The Good Villain Guide
Things I try to remember when working with villains:
1) Villains Are Heroes Too
No villain thinks of himself as 'the bad guy'. He will always have a justification for what he does, no matter how illogical or unconvincing. These reasons range from cultural or ideological all the way down to 'looking after number one'.
No villain is ever going to describe himself as 'Evil' unless he is trying to scare the heroes. He doesn't mean it.
2) Attitudes To Killing Are Cultural
Not all villains are necessarily killers. A skilled jewel thief, for example, may carry a gun that fires tranquiliser darts because he doesn't want to seriously hurt anyone.
A hero from an alien world, by contrast, may have no problem with killing an enemy, simply because his culture allows it.
3) A Good Villain Is A Smart Villain
Cannon fodder can be stupid. The master villain has to be very smart - and demonstrably so. Any master villain who loses because he is a moron will have no respect from the reader, and, worse, will have everyone wondering why his minions follow him in the first place.
Try to name a single great villain who is a fool, and you will see what I mean...
4) Insanity Is Overrated
Mostly a writer will use 'insanity' as a shorthand way of saying he doesn't know what makes the villain tick. Avoid this particular shortcut at all costs.
There are a lot of 'insane' villains out there, but you can count the good ones on the fingers of one hand.
5) Good Villains Have Believable Motives
Your villain does what he does for a reason, be it power, wealth, prestige, the advancement of science or anything else. He might be driven or forced to it, he might even have the best possible motives combined with the worst possible methods.
Your villain should always keep his main objective in view. To a good villain, the heroes are most likely an obstacle, not a goal. If they can be circumvented or distracted or otherwise gotten around, your villain should attempt this method in preference to a direct confrontation, unless he is certain of victory.
Revenge for the death of a loved one is a good motive. It also moves into a grey area...
6) A Villain Is Not Always A Villain
Sometimes the person or group opposing your heroes will have a good and justifiable reason to do so. It may be a question of honour, or misunderstanding, or that they feel the heroes are responsible for the death of someone they loved.

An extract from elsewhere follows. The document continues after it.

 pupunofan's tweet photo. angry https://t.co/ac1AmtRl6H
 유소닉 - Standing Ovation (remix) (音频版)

7) Villains Must Act Plausibly
A psycopathic killer does not spare the hero's life because he is 'not worth killing'. A time-travelling conquerer does not invade when his known enemies are at their strongest. A clever villain does not mount a direct attack upon the heroes unless he is certain of winning. No villain fights a hero who always beats him unless he has no means of escape. These things are implausible, and ruin the flow of your story.
Similarly, your villains must act within the scope of their powers. This works both ways. Your villain should not suddenly pull powers out of nowhere to allow an escape or a win, but then neither should the heroes.
If you are being forced to write a hero or villain 'down' in order to make the story work, you need a new villain.